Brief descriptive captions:
##############################

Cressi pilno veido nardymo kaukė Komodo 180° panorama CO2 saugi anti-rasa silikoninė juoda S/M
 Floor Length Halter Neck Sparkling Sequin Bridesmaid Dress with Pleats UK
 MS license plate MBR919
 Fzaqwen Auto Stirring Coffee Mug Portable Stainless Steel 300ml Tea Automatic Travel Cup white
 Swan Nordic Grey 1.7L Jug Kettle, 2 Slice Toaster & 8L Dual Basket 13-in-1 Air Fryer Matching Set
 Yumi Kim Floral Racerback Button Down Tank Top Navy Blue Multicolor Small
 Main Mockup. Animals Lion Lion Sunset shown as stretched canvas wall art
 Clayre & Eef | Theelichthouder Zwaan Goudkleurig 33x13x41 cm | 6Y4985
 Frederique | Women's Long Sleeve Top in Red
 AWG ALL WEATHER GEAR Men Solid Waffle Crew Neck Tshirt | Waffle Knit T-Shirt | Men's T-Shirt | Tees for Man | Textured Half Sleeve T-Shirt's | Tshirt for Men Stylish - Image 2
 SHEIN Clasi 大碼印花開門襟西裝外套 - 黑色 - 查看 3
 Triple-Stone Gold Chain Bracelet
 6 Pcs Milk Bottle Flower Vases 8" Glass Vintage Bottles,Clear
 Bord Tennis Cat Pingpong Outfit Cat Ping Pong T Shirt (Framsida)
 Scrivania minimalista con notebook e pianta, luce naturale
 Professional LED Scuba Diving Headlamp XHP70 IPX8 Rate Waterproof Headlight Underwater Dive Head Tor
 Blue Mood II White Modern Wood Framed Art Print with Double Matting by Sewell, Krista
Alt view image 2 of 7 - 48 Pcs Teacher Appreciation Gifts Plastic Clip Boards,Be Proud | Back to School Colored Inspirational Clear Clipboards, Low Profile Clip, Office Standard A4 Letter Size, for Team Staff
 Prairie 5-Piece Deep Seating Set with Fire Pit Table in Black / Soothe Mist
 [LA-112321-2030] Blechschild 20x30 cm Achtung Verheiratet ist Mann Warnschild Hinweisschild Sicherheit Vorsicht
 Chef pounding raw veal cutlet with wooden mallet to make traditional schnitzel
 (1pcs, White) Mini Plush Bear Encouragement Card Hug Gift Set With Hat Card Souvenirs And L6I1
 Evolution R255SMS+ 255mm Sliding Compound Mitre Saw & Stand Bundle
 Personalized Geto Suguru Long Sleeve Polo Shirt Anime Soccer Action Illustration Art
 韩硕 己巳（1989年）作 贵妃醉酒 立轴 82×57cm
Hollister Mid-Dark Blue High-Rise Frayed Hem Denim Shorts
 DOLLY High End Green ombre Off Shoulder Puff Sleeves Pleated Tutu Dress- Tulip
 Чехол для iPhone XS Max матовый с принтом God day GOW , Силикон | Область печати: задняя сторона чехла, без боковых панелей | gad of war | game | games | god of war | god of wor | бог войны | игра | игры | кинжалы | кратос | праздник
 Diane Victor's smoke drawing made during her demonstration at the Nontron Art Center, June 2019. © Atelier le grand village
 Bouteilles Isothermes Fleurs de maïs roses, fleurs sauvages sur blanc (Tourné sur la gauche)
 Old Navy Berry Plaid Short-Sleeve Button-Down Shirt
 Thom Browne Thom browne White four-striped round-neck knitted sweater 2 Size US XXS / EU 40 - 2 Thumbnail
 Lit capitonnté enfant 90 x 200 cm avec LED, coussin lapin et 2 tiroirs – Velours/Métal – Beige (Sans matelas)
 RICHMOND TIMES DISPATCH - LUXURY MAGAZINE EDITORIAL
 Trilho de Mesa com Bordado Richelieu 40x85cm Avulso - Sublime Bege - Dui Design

##############################

▶ _PROBLEM REQUIREMENTS_
Starting from the first line of the records above, retype each line exactly up to and including the one that contains "(1pcs, White) Mini", and nothing more.

▶ _SOLUTION TO THIS EXERCISE_
Cressi pilno veido nardymo kaukė Komodo 180° panorama CO2 saugi anti-rasa silikoninė juoda S/M
 Floor Length Halter Neck Sparkling Sequin Bridesmaid Dress with Pleats UK
 MS license plate MBR919
 Fzaqwen Auto Stirring Coffee Mug Portable Stainless Steel 300ml Tea Automatic Travel Cup white
 Swan Nordic Grey 1.7L Jug Kettle, 2 Slice Toaster & 8L Dual Basket 13-in-1 Air Fryer Matching Set
 Yumi Kim Floral Racerback Button Down Tank Top Navy Blue Multicolor Small
 Main Mockup. Animals Lion Lion Sunset shown as stretched canvas wall art
 Clayre & Eef | Theelichthouder Zwaan Goudkleurig 33x13x41 cm | 6Y4985
 Frederique | Women's Long Sleeve Top in Red
 AWG ALL WEATHER GEAR Men Solid Waffle Crew Neck Tshirt | Waffle Knit T-Shirt | Men's T-Shirt | Tees for Man | Textured Half Sleeve T-Shirt's | Tshirt for Men Stylish - Image 2
 SHEIN Clasi 大碼印花開門襟西裝外套 - 黑色 - 查看 3
 Triple-Stone Gold Chain Bracelet
 6 Pcs Milk Bottle Flower Vases 8" Glass Vintage Bottles,Clear
 Bord Tennis Cat Pingpong Outfit Cat Ping Pong T Shirt (Framsida)
 Scrivania minimalista con notebook e pianta, luce naturale
 Professional LED Scuba Diving Headlamp XHP70 IPX8 Rate Waterproof Headlight Underwater Dive Head Tor
 Blue Mood II White Modern Wood Framed Art Print with Double Matting by Sewell, Krista
Alt view image 2 of 7 - 48 Pcs Teacher Appreciation Gifts Plastic Clip Boards,Be Proud | Back to School Colored Inspirational Clear Clipboards, Low Profile Clip, Office Standard A4 Letter Size, for Team Staff
 Prairie 5-Piece Deep Seating Set with Fire Pit Table in Black / Soothe Mist
 [LA-112321-2030] Blechschild 20x30 cm Achtung Verheiratet ist Mann Warnschild Hinweisschild Sicherheit Vorsicht
 Chef pounding raw veal cutlet with wooden mallet to make traditional schnitzel
 (1pcs, White) Mini Plush Bear Encouragement Card Hug Gift Set With Hat Card Souvenirs And L6I1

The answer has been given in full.